**RECORDS SHOWN:**

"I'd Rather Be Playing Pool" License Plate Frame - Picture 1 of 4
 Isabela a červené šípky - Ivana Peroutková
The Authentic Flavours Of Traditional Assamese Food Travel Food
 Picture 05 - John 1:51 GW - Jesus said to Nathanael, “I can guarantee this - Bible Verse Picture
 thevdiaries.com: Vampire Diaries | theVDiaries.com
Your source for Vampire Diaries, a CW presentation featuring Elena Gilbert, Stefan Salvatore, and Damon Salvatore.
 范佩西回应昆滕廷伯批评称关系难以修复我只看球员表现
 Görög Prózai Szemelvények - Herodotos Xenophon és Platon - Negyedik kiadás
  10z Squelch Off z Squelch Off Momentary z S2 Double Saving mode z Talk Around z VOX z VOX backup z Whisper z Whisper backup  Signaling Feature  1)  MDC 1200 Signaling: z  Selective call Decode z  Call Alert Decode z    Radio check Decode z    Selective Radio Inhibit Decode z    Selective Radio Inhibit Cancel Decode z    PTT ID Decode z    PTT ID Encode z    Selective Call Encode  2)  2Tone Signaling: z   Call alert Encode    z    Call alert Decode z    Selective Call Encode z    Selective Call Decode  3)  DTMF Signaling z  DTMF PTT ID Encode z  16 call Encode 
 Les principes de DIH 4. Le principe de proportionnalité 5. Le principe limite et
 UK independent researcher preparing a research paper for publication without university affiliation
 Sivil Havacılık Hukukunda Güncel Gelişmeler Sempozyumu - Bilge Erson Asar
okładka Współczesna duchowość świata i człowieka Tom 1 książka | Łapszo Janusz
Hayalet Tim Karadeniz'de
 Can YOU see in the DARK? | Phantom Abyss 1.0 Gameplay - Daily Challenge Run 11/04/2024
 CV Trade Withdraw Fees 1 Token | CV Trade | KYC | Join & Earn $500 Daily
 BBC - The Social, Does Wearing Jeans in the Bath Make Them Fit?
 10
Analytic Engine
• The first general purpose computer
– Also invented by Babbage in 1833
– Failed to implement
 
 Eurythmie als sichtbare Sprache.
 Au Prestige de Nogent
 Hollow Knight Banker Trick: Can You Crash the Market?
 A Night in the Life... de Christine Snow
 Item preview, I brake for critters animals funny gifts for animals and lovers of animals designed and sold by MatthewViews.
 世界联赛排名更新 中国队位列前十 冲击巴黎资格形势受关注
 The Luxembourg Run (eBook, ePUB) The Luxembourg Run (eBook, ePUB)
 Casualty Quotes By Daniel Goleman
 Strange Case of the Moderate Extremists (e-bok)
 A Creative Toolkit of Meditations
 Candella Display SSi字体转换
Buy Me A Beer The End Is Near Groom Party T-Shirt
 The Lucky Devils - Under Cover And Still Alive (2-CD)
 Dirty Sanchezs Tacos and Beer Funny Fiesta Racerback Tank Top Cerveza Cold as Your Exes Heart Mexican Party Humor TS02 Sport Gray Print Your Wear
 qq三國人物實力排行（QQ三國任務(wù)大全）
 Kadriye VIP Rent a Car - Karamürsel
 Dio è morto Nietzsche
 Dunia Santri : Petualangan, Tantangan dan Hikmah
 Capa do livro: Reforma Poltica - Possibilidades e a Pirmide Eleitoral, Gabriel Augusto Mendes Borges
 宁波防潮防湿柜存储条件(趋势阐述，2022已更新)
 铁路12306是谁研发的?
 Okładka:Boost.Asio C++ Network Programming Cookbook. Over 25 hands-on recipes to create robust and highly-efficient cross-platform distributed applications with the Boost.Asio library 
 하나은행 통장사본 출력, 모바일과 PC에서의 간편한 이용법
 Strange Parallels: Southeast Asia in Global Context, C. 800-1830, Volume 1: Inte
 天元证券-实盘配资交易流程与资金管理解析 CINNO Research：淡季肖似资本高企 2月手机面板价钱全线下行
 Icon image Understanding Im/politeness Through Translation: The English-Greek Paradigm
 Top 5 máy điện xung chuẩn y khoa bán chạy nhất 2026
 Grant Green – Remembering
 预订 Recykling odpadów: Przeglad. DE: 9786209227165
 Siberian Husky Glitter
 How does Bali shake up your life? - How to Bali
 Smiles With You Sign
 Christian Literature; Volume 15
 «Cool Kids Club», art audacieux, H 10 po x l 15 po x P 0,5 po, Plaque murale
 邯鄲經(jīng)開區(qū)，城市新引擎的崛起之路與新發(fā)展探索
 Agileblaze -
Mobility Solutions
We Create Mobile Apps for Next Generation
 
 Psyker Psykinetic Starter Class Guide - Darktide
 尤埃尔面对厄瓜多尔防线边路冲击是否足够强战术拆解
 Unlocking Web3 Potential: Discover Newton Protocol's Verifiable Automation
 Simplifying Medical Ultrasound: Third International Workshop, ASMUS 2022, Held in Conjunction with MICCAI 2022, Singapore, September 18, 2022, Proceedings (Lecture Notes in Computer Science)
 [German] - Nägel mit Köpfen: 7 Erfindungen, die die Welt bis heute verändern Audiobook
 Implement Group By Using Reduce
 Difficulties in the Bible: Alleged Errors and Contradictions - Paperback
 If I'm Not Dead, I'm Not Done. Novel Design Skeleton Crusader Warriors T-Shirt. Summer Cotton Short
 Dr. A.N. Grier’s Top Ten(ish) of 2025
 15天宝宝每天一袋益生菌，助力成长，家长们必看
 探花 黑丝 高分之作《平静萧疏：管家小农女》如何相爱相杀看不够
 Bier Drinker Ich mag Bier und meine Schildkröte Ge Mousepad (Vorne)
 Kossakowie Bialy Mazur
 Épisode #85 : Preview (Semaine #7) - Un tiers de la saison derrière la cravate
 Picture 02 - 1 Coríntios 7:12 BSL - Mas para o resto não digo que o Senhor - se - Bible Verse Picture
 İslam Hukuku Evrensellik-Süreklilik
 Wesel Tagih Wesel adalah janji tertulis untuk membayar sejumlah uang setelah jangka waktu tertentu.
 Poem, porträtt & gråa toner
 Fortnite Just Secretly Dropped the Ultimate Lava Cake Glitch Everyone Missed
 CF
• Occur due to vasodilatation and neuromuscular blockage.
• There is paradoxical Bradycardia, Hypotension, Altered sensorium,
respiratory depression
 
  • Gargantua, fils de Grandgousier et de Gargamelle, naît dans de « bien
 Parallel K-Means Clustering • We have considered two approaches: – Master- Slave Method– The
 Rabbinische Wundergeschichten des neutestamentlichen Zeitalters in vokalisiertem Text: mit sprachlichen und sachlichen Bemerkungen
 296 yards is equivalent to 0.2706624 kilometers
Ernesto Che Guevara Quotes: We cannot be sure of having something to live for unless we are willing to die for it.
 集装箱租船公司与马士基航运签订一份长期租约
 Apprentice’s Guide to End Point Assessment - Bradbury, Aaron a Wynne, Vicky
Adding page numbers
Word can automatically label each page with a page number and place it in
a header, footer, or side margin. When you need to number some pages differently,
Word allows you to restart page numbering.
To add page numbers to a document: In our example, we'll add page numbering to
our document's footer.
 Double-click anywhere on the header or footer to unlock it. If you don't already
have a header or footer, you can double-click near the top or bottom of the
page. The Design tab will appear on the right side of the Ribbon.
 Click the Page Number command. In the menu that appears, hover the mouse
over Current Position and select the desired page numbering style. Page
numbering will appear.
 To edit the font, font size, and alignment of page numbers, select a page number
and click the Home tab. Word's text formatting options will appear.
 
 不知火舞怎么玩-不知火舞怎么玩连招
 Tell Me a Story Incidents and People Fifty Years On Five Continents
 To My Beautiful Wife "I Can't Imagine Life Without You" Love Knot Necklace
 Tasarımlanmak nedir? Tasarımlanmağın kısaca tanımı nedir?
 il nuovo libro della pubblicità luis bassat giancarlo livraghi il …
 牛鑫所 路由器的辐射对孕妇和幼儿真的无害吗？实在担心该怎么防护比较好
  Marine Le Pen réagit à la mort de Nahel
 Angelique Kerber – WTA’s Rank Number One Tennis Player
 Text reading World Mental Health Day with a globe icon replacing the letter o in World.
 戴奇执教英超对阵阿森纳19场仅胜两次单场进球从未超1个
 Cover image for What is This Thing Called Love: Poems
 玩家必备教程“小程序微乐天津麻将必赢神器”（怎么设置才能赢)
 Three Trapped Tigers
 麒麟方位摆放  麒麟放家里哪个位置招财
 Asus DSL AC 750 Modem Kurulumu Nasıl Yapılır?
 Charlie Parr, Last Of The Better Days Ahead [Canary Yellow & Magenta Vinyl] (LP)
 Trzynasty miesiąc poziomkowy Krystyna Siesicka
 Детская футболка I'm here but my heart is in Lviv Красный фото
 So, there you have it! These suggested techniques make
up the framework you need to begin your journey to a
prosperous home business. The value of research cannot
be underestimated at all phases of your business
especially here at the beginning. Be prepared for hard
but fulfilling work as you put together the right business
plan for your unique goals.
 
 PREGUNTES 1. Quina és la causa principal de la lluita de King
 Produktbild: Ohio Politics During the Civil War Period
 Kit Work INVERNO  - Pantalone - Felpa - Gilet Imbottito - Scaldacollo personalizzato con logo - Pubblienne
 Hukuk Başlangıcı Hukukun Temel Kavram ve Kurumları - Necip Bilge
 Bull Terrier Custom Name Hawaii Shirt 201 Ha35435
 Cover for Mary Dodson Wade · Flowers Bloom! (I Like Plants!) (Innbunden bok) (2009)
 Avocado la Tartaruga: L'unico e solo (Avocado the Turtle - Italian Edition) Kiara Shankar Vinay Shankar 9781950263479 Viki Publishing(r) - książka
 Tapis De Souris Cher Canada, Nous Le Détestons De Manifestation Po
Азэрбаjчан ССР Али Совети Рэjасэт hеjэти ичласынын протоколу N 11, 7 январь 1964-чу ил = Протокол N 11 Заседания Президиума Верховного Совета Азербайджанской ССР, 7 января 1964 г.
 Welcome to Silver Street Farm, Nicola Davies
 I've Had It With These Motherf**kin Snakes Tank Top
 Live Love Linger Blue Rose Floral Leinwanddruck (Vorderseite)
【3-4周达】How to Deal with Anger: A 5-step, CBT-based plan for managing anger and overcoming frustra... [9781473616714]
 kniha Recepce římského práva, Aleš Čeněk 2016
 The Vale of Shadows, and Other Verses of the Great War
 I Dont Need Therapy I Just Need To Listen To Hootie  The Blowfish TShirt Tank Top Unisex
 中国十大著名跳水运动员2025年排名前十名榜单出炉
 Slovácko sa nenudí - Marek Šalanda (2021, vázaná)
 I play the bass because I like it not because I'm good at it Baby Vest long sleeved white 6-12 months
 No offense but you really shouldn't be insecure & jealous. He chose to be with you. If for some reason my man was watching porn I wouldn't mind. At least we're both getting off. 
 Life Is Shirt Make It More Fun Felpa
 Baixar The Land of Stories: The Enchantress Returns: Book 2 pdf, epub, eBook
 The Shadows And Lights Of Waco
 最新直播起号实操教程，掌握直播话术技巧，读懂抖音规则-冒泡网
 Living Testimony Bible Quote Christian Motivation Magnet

**PROBLEM TO WORK ON:**
Where a line in the records above contains the word "eBook", copy that line.

**SOLUTION TO THIS PROBLEM:**
 The Luxembourg Run (eBook, ePUB) The Luxembourg Run (eBook, ePUB)
 Baixar The Land of Stories: The Enchantress Returns: Book 2 pdf, epub, eBook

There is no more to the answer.